The entry replacement algorithms are kept eventually consistent with the map. While updates to the cache are immediately applied to the map, recording of reads and writes may not be immediately reflected on the cache policy's data structures.

These structures are guarded by a lock and operations are applied in batches to avoid lock contention. There are bounded inter-thread channels to hold these operations. These channels are drained at the first opportunity when:

  • The numbers of read/write recordings reach to the configured amounts.
  • Or, the certain time past from the last draining.

In a Cache, this draining and batch application is handled by a single worker thread. So under heavy concurrent operations from clients, draining may not be able to catch up and the bounded channels can become full.

When read or write channel becomes full, one of the followings will occur:

  • For the read channel, recordings of new reads will be discarded, so that retrievals will never be blocked. This behavior may have some impact to the hit rate of the cache.
  • For the write channel, updates from clients to the cache will be blocked until the draining task catches up.

Cache does its best to avoid blocking updates by adjusting the interval of draining and throttling updates from clients. But since it has only one worker thread, it cannot always avoid blocking. If this happens very often in your cache (in the future, you can check the statistics of the cache), you may want to switch to SegmentedCache. It has multiple internal cache segments and each segment has dedicated draining thread.

Admission and Eviction

Every time a client tries to retrieve an item from the cache, that activity is retained in a historic popularity estimator. This estimator has a tiny memory footprint as it uses hashing to probabilistically estimate an item's frequency.

Both Cache and SegmentedCache employ TinyLFU (Least Frequently Used) as the admission policy. When a new entry is inserted to the cache, it is temporary admitted to the cache, and a recording of this insertion is added to the write queue. When the write queue is drained and the main space of the cache is already full, then the historic popularity estimator determines to evict one of the following entries:

  • The newly admitted entry
  • Or, the victim entry that is selected from the main space by LRU (Least Recently Used) eviction policy

In a future release of this crate, TinyLFU admission policy will be replaced by Window TinyLFU (W-TinyLFU) policy. W-TinyLFU has an admission window in front of the main space. A new entry starts in the admission window and remains there as long as it has high temporal locality (recency).

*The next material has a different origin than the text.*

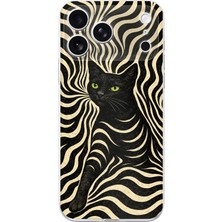 TechTree iPhone 17 Pro Uyumlu Siyah Kedi ve Optik Desenli Baskılı Silikon Kılıf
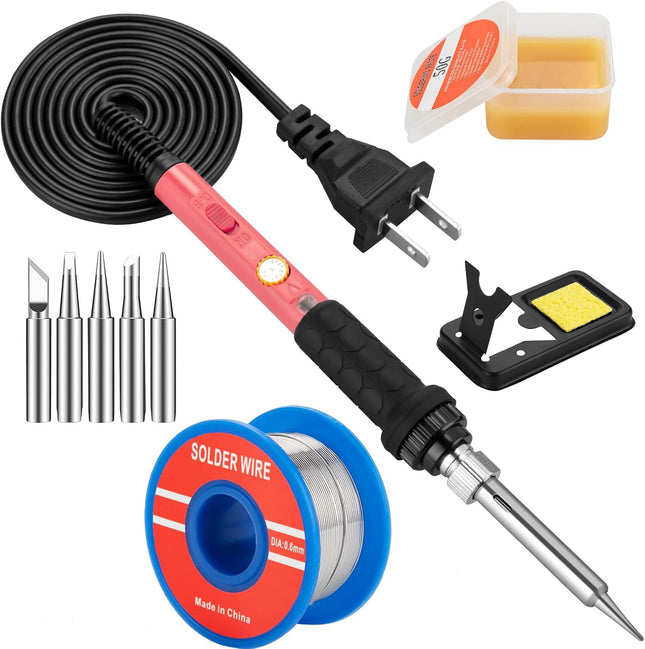 Soldering Iron Kit, 60W Soldering Iron with 5Pc Interchangeable Tips, 10-In-1 Adjustable Temperature Solder Welding Tool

Eventually an entry will slip off from the window, then TinyLFU comes in play to determine whether or not to admit the entry to the main space based on its popularity (frequency).


Cache expiration policies such as time-to-live are planned but not implemented in the current release of this crate.

A future release will provide such policies with O(1) time complexity:

  • The time-to-live policy will use a write-order queue.
  • The time-to-idle policy will use an access-order queue.
  • The variable expiration will use a hierarchical timer wheel.